# My Harvesting....Oddyssey Strain



## CaliWildViolet420 (Feb 9, 2010)

I do all the  harvesting here. With the upcoming outdoor grow, that will change...I hope...haha....

I trim very clean and I am pathetically picky about the trim, cause I do not want to offer stem or leaves, unless requested. 
I have had patients request the meds to be not fully dry....and tho, that adds weight, I compensate them. I have had dispensaries, say small...some say large...who knows...everyone wants it different...
We do not have calculated amounts on yield. It varies from tray to tray and what problems may have occurred. One of the best and most plump trays, I ever had, was the anomally tray of accidental siamese twin plants. It also suffered thru an infestation of spider mites, which I had to virtually hand remove due to the time of the take over...
I hate bugs...I am a squeaky clean, neat and tidy person, and they creep me out..but I am so use to all manner of bugs, living in the mountains, I got over it...they are just so annoying....
I did a photo journal on GP of my trim and the outcome....

Fan and Stem are used for canna butter. 
Scuff any number of projects, from oil, hash to medibles...light medibles. Kief...not yet achieved...

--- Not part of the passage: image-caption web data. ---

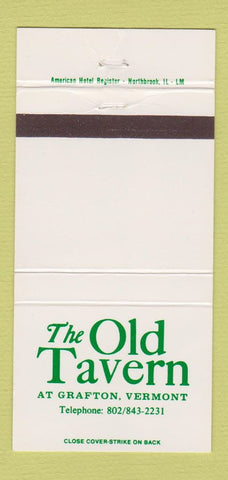 Matchbook Cover - Old Tavern Grafton VT 30 Strike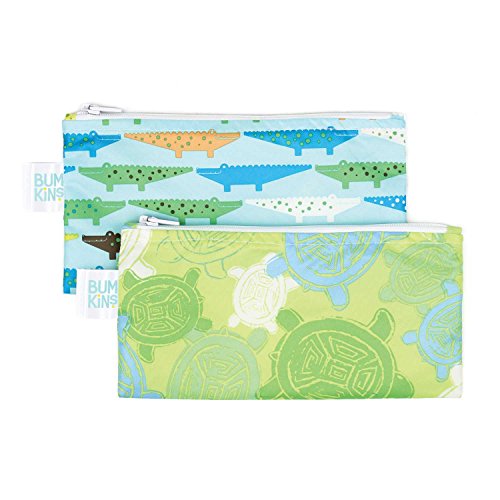 Hippychick Bumkin Reusable Snack Bag, Turtle/Crocs - Small, Pack of 2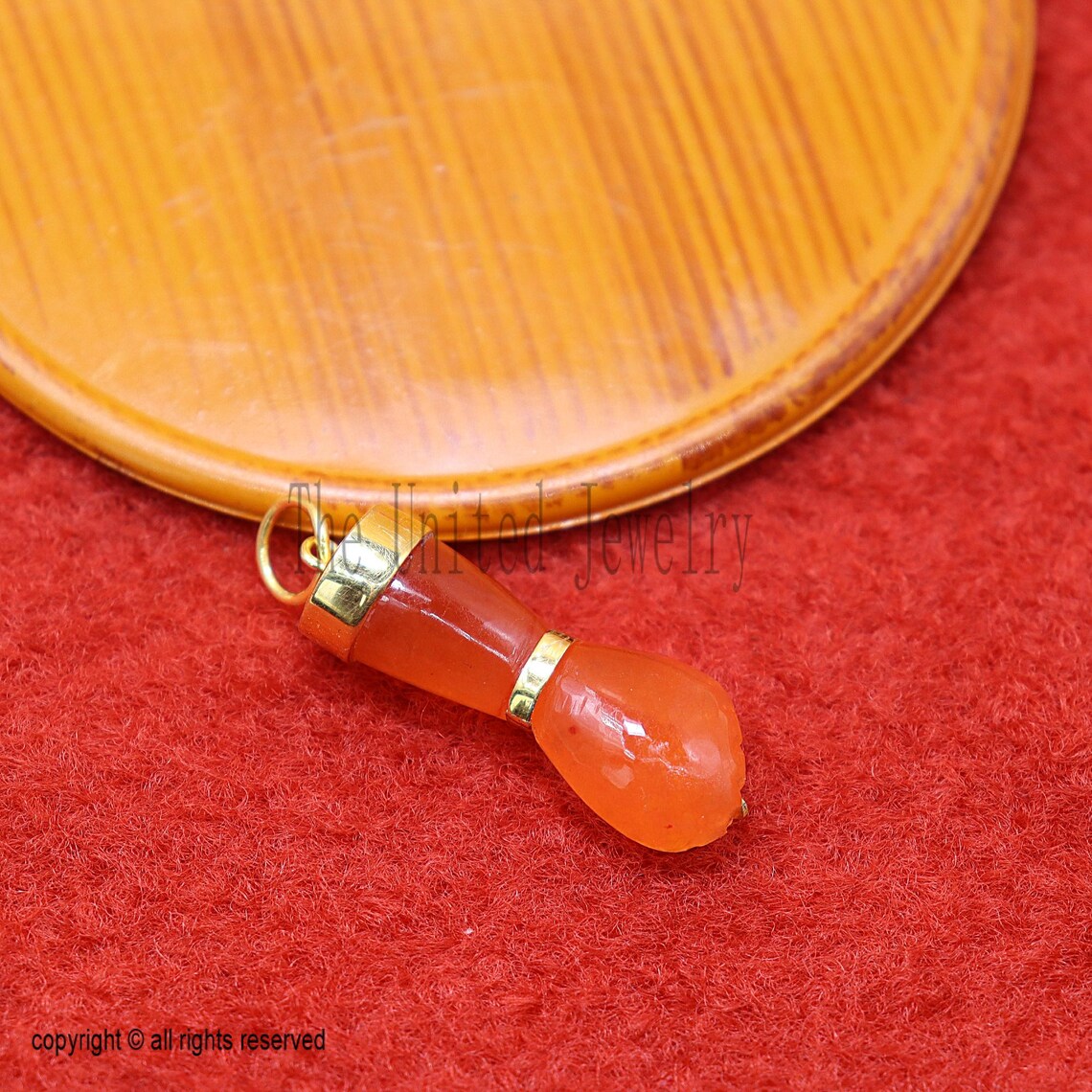 Carved Carnelian Figa Hand Lucky Charm Pendant 925 Sterling Silver Jewelry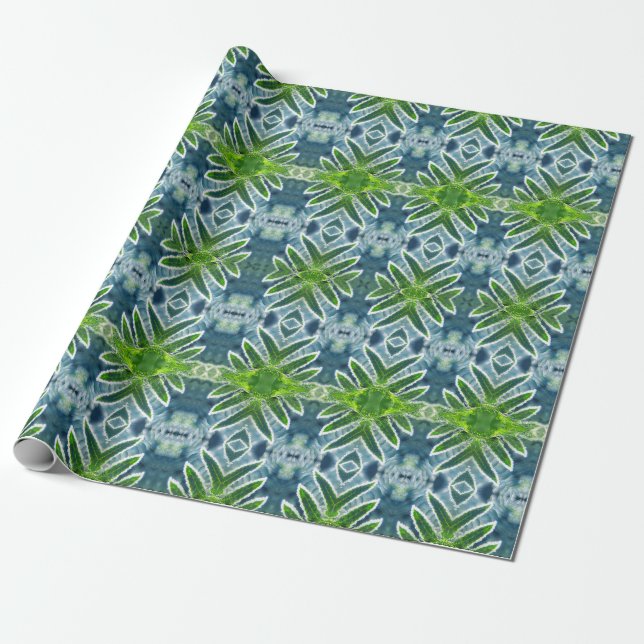 Vacker, grön och blå Fern Mandala Presentpapper (Utrullad)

We have chains running across certain spaces in rooms of this studio style home, that I can hang buds on a coat hanger and string arrangement to dry. Unfortunately, sometimes we  have to use the dehydrator..not my choice, but it has not necessarily produced a negative result. I never fully dry in the dehydrator, they get to the point, when I can paper bag them and set them aside. 
Ideally I would like to cure longer as well, but sometimes, patients are in a hurry and should that occur, I advise them to jar it and keep it in the jars to cure further....
Oddyssey is a sweet, thick bud. It is good for many ailments and an all around triple threat...good buds, easy trim, great effects.


----------



## CaliWildViolet420 (Feb 9, 2010)

Because I am growing in soil in pots, I can bring one pot at a time into the house. With the plant in the pot, I can snip off the number of branches, without having wilting issues. 
When I grew in hydroton clay pebbles, I had to pull the plant and do it all....cause wilted plants are not fun to trim. 
I rotate the lesser branches with the good to take out the monotony. The fan leaves are first pass, and set aside in a bag. If I have no time to use them, they can be given to someone else. 
I trim several branches and do another quick pass of the branch and lay them out to trim....as shown in the photo...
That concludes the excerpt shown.